• Your objective:
The material below is to be copied exactly from the line with "EMC2106-DZK-TR Datasheet Page 21" up to and including the line with "U.S. Economy Contracted", with nothing else kept and no pictures.

• Input material:

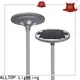 ALLTOP best solar lawn lights3 1
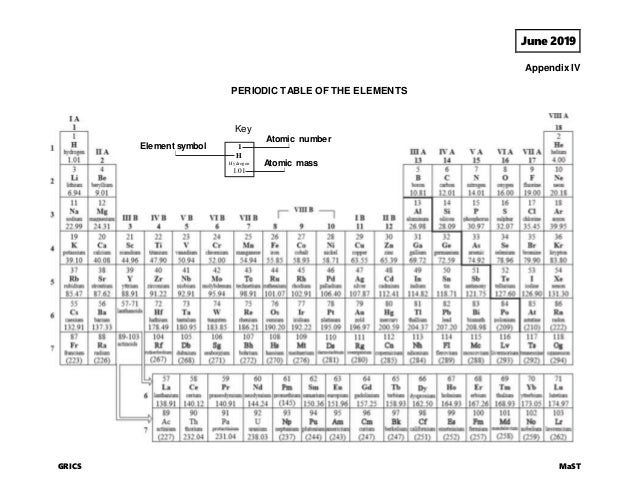 F5 Latest 402 Exam Fee - 402 Instant Discount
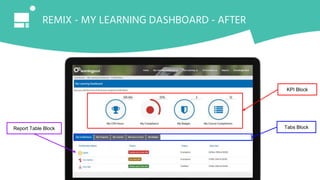 KPI Block
Tabs BlockReport Table Block
REMIX - MY LEARNING DASHBOARD - AFTER
 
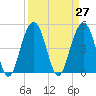 Clouter Creek North entrance tide chart for Saturday, March 27, 2021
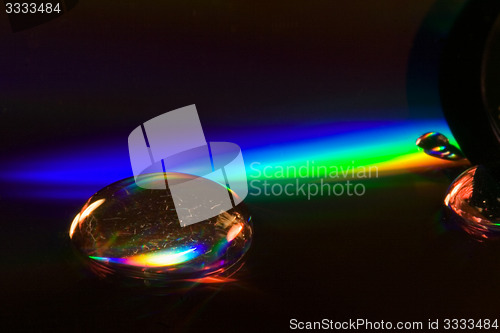 Image of abstract rainbow drop in a plastic  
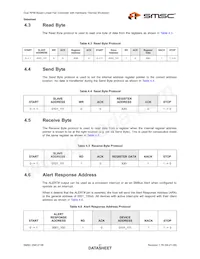 EMC2106-DZK-TR Datasheet Page 21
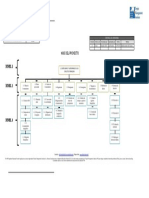 5 WBS Del Proyecto F5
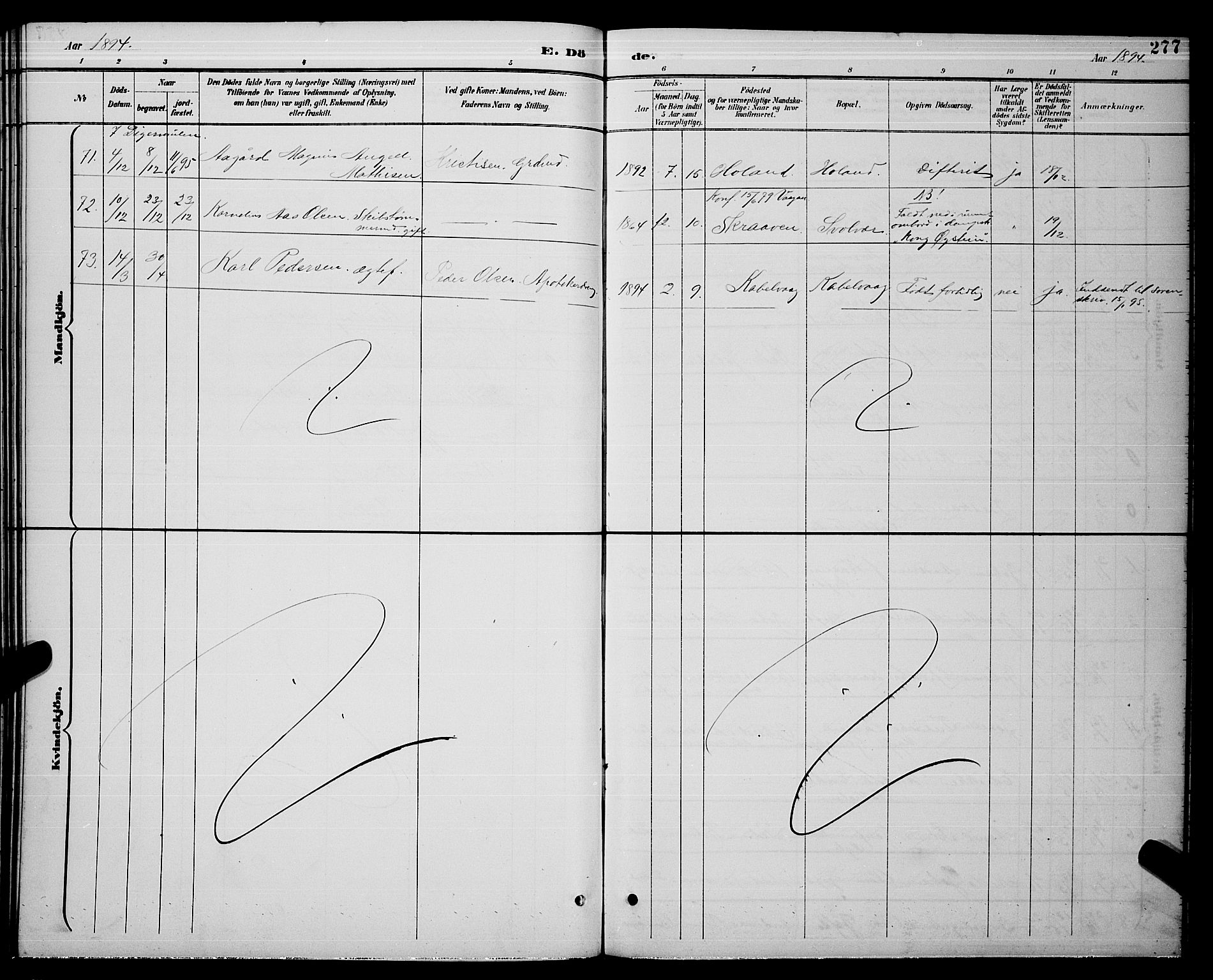 Ministerialprotokoller, klokkerbøker og fødselsregistre - Nordland, AV/SAT-A-1459/874/L1077: Parish register (copy) no. 874C06, 1891-1900, p. 277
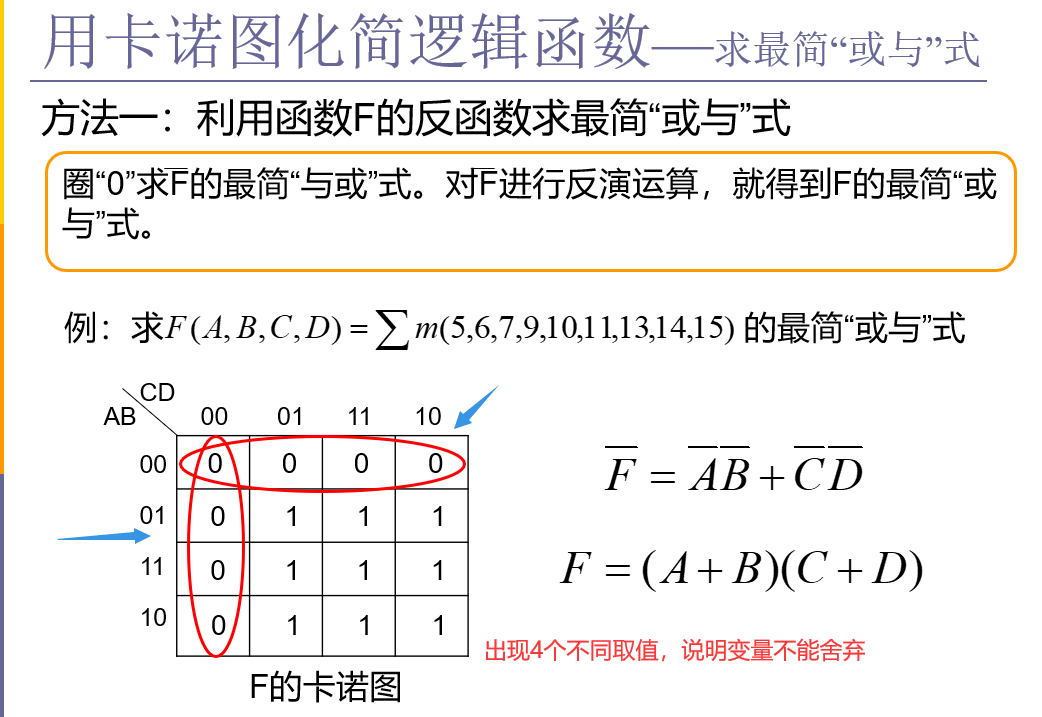 用卡诺图求最简或与式图片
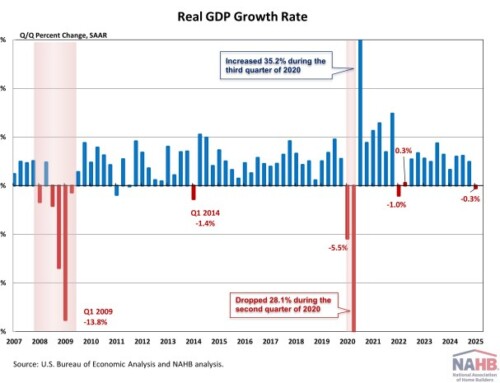U.S. Economy Contracted in First Quarter of 2025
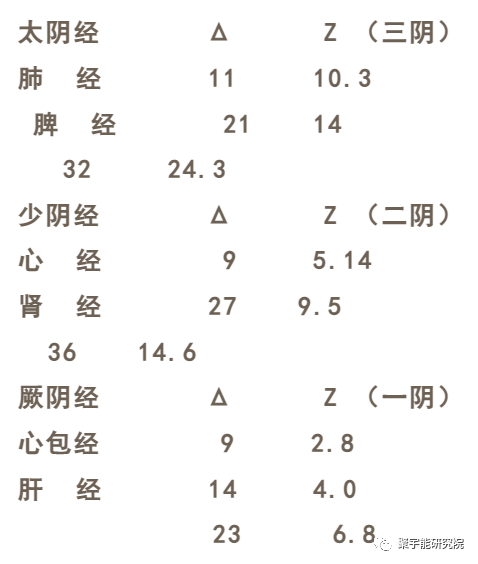 金日光教授:地球先有三阴三阳?人先有三阴三阳?【定量解读《黄帝内经》的感悟之四】(图4) 4.png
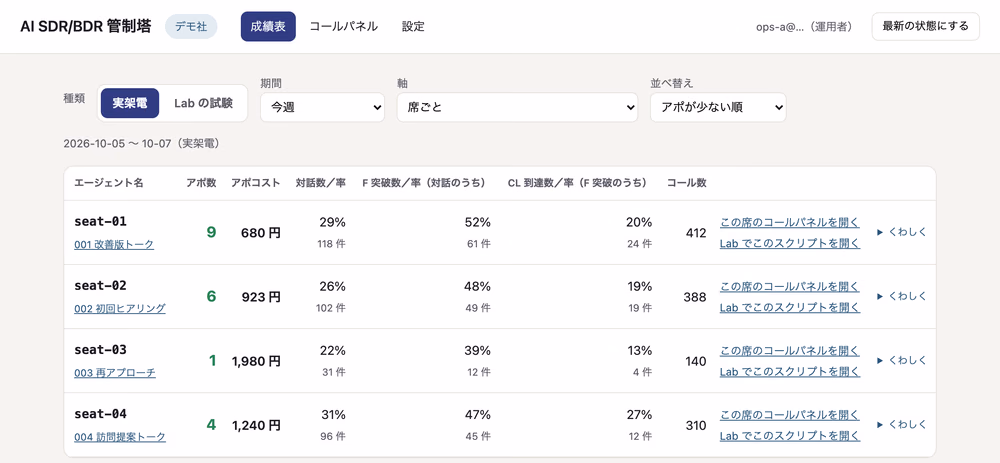 成績表の画面。席ごとの、アポの数、対話の率、コールの数を一覧で見られる。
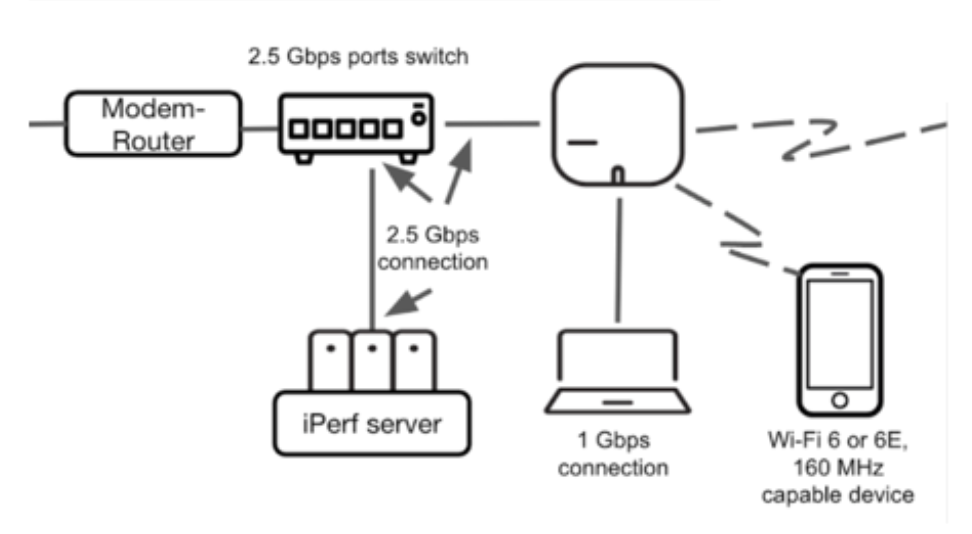 An image indicating how the eero Pro 6E can support a 1 Gbps Ethernet connection, and simultaneously support 1.3 Gbps wireless connections, for a total of 2.3 Gbps.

• Worked solution:
 EMC2106-DZK-TR Datasheet Page 21
 5 WBS Del Proyecto F5
 Ministerialprotokoller, klokkerbøker og fødselsregistre - Nordland, AV/SAT-A-1459/874/L1077: Parish register (copy) no. 874C06, 1891-1900, p. 277
 用卡诺图求最简或与式图片
U.S. Economy Contracted in First Quarter of 2025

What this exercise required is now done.